Four main factors work together to cause the symptoms of rosacea:
- Dysregulation of the immune system
- Dysregulation of neurovascular signaling
- Chronic inflammation
- The overgrowth of micro-organisms and changes in the microbiome
A 2019 study has now linked the skin microbiome to the cause and severity of rosacea. In this study, researchers found that the skin’s microbiota (bacterial environment) varies between healthy skin and those with rosacea. For instance, Campylobacter bacteria (also known as H. pylori) appears to be more abundant in the skin of people with rosacea, the same bacteria present in the gut microbiome of people who have gastrointestinal diseases like ulcerative colitis.
Differences can also occur in the gut microbiome of people with rosacea, and an association has been found between rosacea and irritable bowel syndrome, small intestine bacterial overgrowth, and inflammatory bowel disease.

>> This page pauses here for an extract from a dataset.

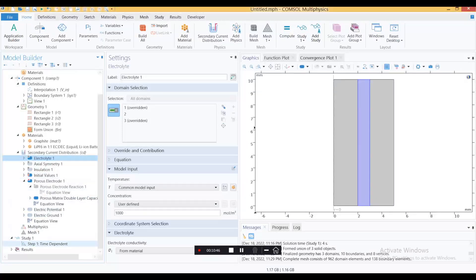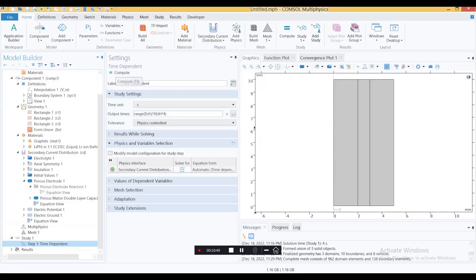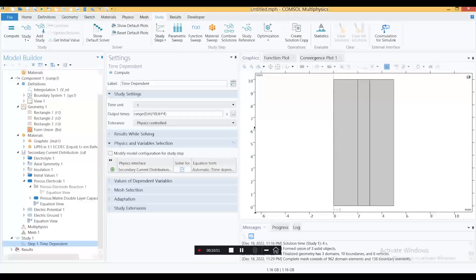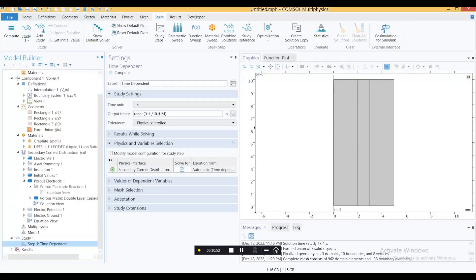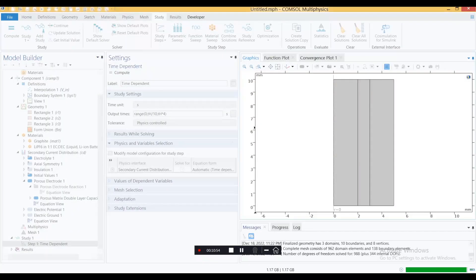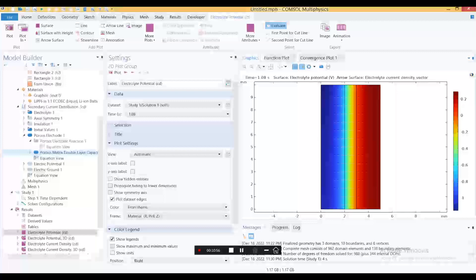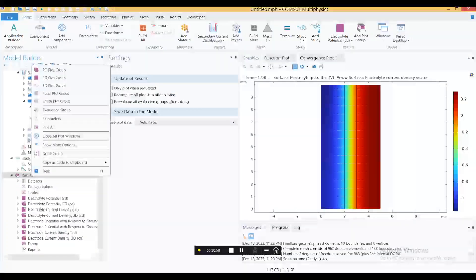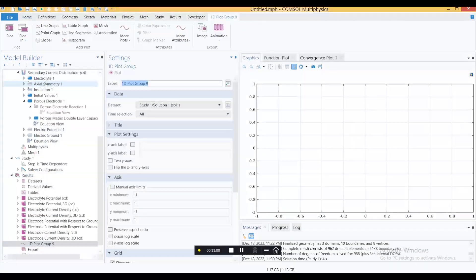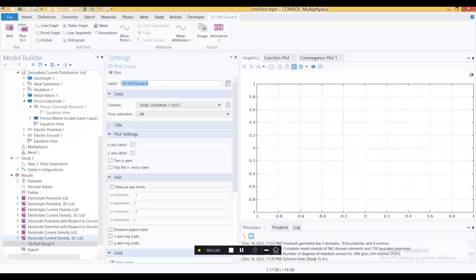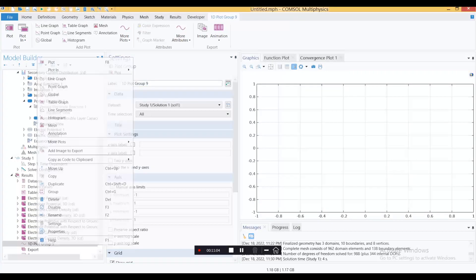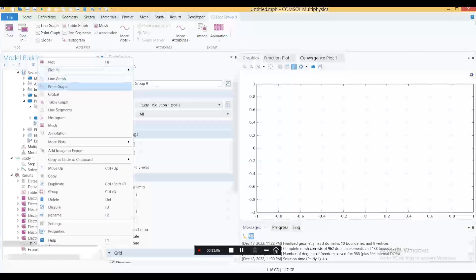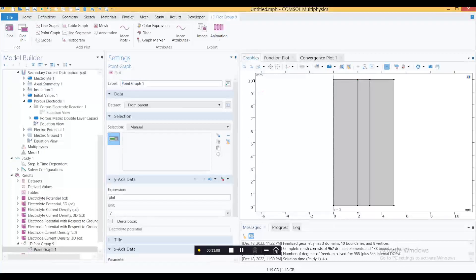Initial voltage is zero, axis symmetric. This is around this axis, the whole domain will rotate to give you a cylindrical supercapacitor. That's pretty much it. You can simply compute this one or go from Study and compute. It's a quick simulation, doesn't take much time.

Another link to the symptoms of rosacea could be mites on the skin. Before you start feeling creepy-crawly microscopic Demodex mites live on everyone’s skin and are a normal part of the skin microbiome. These little mites tend to gravitate to the nose and cheeks, spots where rosacea is often most prominent. It appears that people suffering from rosacea might have more mites on their skin than those who don’t have rosacea.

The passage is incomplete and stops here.